En esta época del año es muy frecuente que las bajas temperaturas provoquen o exacerben la sequedad a nivel de la piel. Médicamente esto se conoce como xerosis y se debe a que el frío disminuye la actividad de las glándulas sebáceas y sudoríparas, que son responsables directas del mantenimiento de la integridad de la barrera cutánea. La baja humedad ambiental incrementa este problema, algo que suele ser más marcado en lugares cerrados con estufas o aires acondicionados.

A veces, la resequedad es tan importante que lleva a la formación de pequeñas grietas en la piel, que pueden transformarse en fisuras que sangran levemente.

Otros factores que perjudican nuestras manos son aquellos productos que generan irritación. Por ejemplo, los detergentes que se utilizan para eliminar la grasa de los platos y vajilla. Es por eso que se deben usar guantes para realizar ésta y otras tareas de la casa como, por ejemplo, el lavado de ropa a mano. En caso de existir alergia al material con los que se confeccionan estos guantes, debe ponerse primero un guante de algodón blanco para evitar el contacto directo de la goma o látex con la piel.

En el mismo sentido actúan los jabones con alto contenido de soda, que con su uso diario empeoran aún más el cuadro. Es aconsejable utilizar jabones suaves, neutros o con grandes proporciones de crema, que están elaborados con productos como glicerina, lanolina o vitaminas. Los llamados syndet o jabones sintéticos líquidos son también una muy buena opción para proteger la piel de las manos. El secado debe hacerse con suavidad y sin refregar, y nunca poner alcohol ni en forma líquida ni en gel, algo que sirve solo para aumentar la irritación y el disconfort.

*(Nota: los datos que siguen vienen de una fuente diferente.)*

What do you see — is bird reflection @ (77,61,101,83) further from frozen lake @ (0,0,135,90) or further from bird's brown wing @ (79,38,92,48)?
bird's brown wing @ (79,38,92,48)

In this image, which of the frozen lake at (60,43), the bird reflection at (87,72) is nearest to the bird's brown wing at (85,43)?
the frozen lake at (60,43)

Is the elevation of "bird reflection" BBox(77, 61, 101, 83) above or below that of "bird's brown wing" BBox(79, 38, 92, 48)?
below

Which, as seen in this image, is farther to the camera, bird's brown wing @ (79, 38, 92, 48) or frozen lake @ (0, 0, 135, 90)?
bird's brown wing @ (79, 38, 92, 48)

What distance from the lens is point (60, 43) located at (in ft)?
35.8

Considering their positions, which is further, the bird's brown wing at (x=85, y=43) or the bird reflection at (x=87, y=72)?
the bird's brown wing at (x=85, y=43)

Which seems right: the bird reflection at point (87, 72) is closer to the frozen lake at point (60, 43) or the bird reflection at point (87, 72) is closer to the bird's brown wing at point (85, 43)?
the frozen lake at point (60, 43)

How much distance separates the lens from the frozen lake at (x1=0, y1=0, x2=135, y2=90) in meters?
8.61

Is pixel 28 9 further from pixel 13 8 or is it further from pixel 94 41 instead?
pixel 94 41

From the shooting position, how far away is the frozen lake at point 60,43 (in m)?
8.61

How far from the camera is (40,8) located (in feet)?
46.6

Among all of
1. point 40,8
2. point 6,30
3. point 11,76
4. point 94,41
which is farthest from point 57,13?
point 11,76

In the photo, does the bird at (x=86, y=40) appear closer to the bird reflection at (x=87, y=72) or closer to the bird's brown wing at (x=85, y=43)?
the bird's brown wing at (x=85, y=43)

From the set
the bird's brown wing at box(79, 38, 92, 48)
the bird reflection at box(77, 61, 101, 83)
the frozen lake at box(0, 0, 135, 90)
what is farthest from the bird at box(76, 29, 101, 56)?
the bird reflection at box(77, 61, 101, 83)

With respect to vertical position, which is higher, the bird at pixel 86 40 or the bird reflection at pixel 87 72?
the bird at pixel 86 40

Tampoco es recomendable la colocación de yuyos u otros remedios caseros, ya que en muchas ocasiones desencadenan reacciones alérgicas, agregando una picazón intensa, que lleva a un rascado que empeora la sequedad, aumentando también el riesgo de sobreinfección.

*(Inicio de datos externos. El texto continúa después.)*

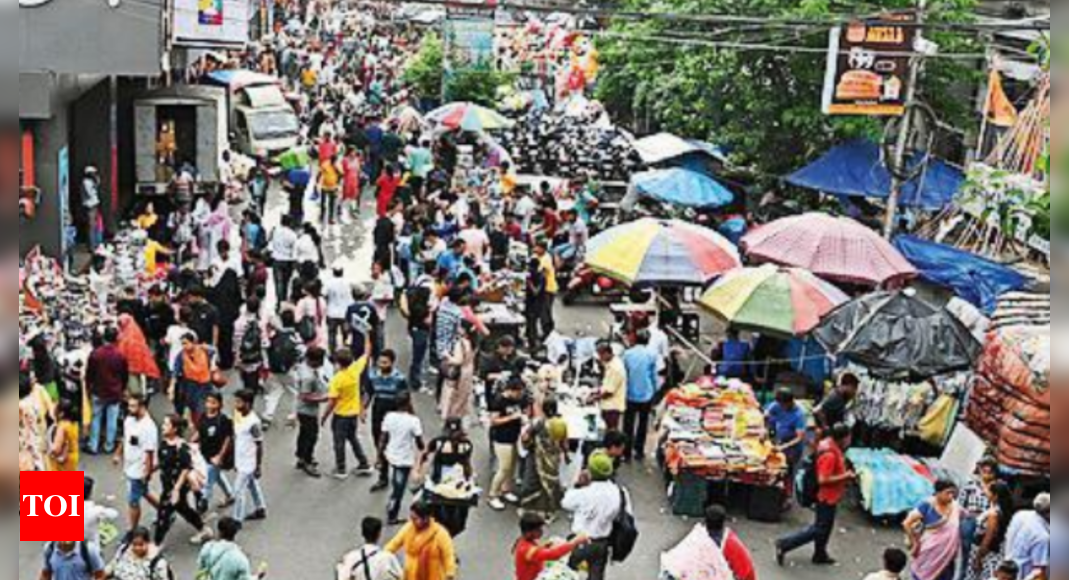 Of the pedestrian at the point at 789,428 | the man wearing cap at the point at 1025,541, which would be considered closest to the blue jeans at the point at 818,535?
the pedestrian at the point at 789,428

En cuanto al tratamiento, existe una gran variedad de cremas tanto emolientes como hidratantes para restaurar las condiciones normales de la piel de las manos. A diferencia de las de uso cosmético, las de indicación dermatológica no tienen fragancias ni colorantes, que puedan empeorar la situación. Si bien su composición es variada, generalmente son ricas en vitaminas, como la A y la E, y tienen glicerina, ceramidas, y componentes que potencian la capacidad hidratante como, por ejemplo, la urea.